1) Senior engineer starts on AWS
2) Senior engineer leaves because our industry does not value longevity or loyalty at all whatsoever (not saying it should, just observing that it doesn't)
3) New engineer comes in and panics
4) Ends up using a "managed service" to relieve the panic
5) New engineer leaves
6) Second new engineer comes in and not only panics but outright needs help
7) Paired with some "certified AWS partner" who claims to help "reduce cost" but who actually gets a kickback from the extra spend they induce (usually 10% if I'm not mistaken)
Calling it it ransomware is obviously hyperbolic but there are definitely some parallels one could draw
On top of it all, AWS pricing is about to massively go up due to the RAM price increase.

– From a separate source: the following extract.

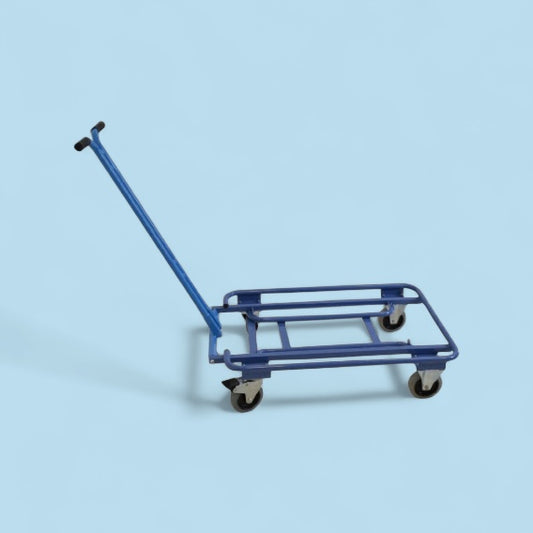 All in 1 dolly trolley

There's no way it can't since AWS is over half of Amazon's profit while only around 15% of its revenue.
In theory with perfect documentation they’d have a good head start to learn it, but there is always a lot of unwritten knowledge involved in managing an inherited setup.

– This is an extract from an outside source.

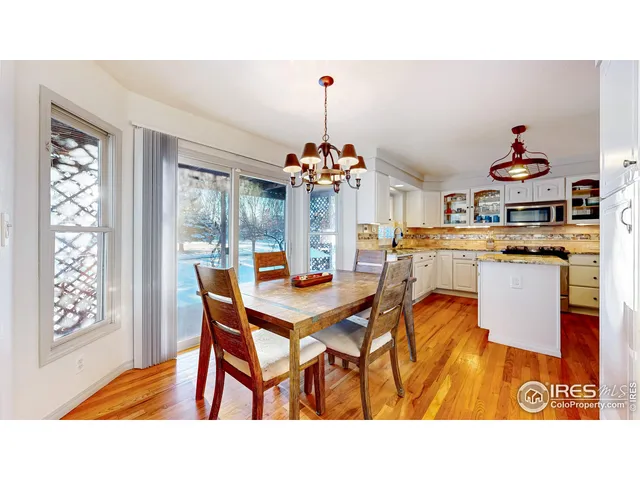 $650,000 | 4213 Buckingham Court, Loveland, CO 80538
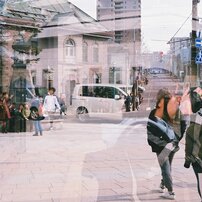 PENTAX(ペンタックス)のフィルムカメラME-F で撮影した写真(画像)一覧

With AWS the knowledge is at least transferable and you can find people who have worked with that exact thing before.
Engineers also leave for a lot of reasons. Even highly paid engineers go off and retire, change to a job for more novelty, or decide to try starting their own business.
unfortunately it lot of things in AWS that also could be messed up so it might be really hard to research what is going on. For example, you could have hundreds of Lambdas running without any idea where original sources and how they connected to each-other, or complex VPCs network routing where some rules and security groups shared randomly between services so if you do small change it could lead to completely difference service to degrade (like you were hired to help with service X but after you changes some service Y went down and you even not aware that it existed)
"Today, we are going to calculate the power requirements for this rack, rack the equipment, wire power and network up, and learn how to use PXE and iLO to get from zero to operational."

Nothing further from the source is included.